[The task] The required output is the stretch from the line containing "a group of men playing football" through the line containing "Vegan butternut squash" in the records below, unaltered and with no pictures.

[Record extracts]
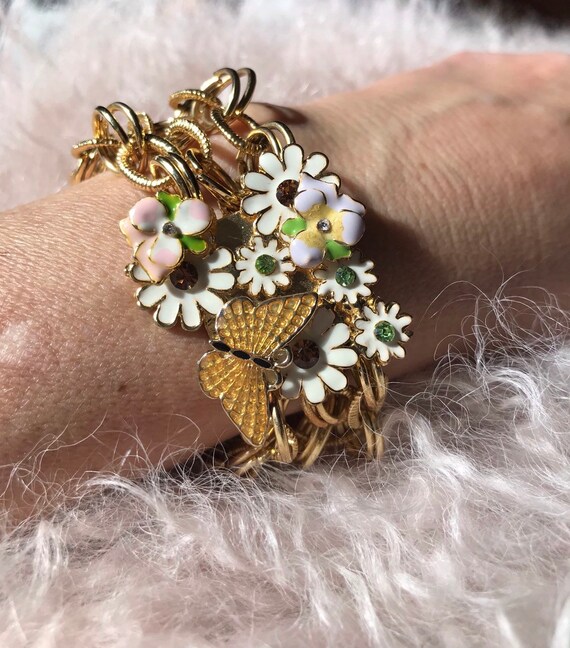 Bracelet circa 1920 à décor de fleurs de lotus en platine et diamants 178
--
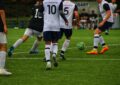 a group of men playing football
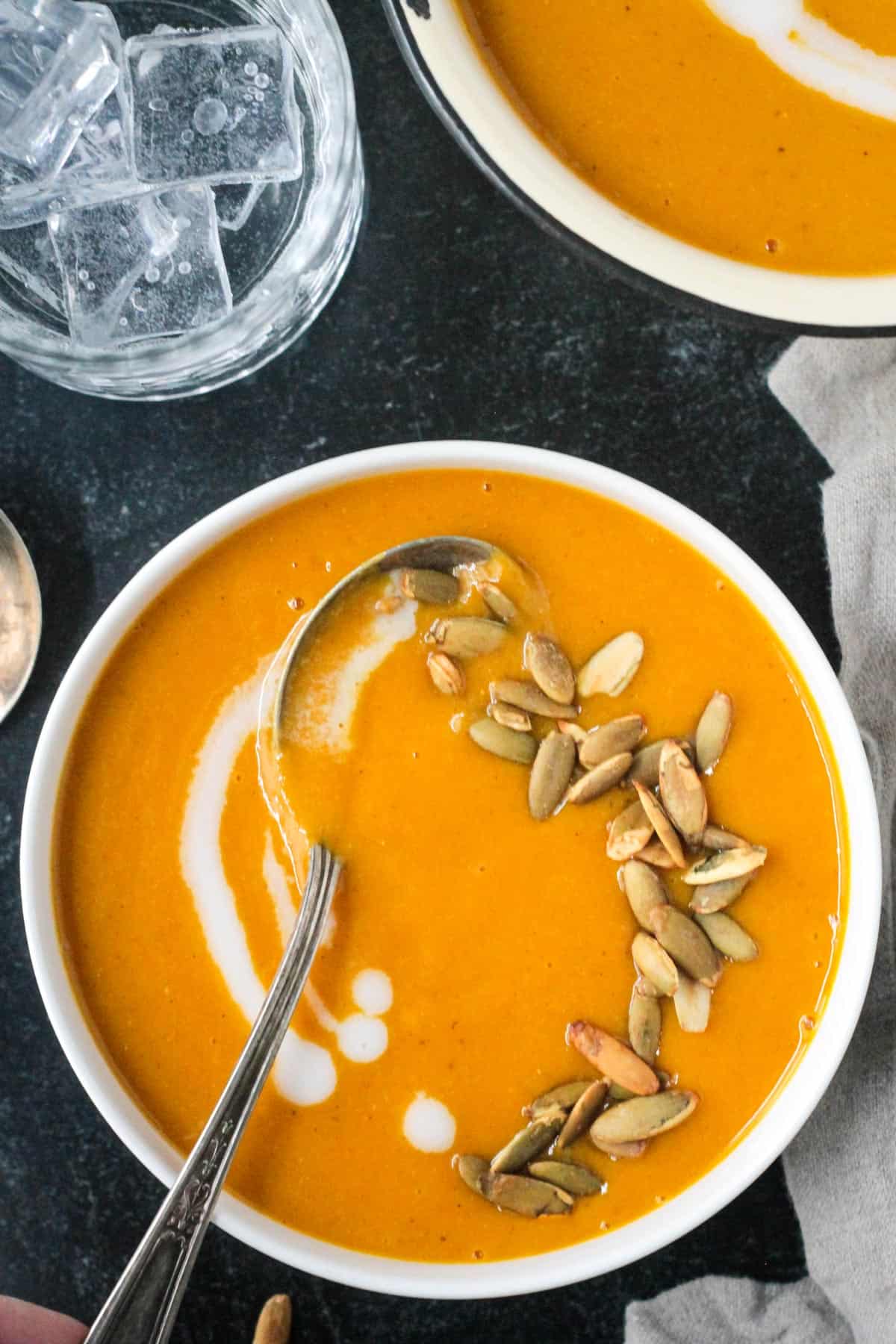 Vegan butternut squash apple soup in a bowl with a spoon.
==
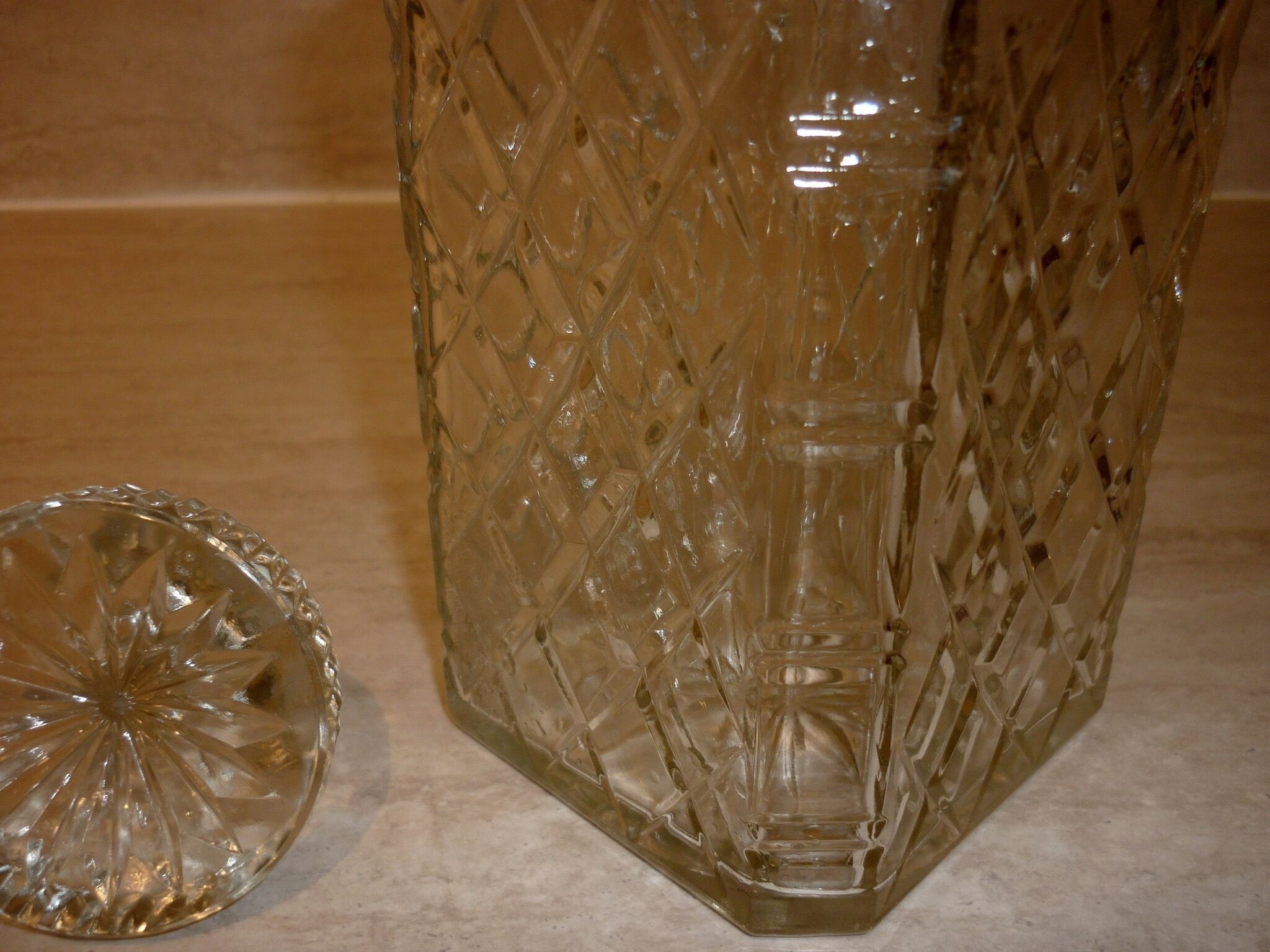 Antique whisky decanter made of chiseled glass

[Result]
 a group of men playing football
 Vegan butternut squash apple soup in a bowl with a spoon.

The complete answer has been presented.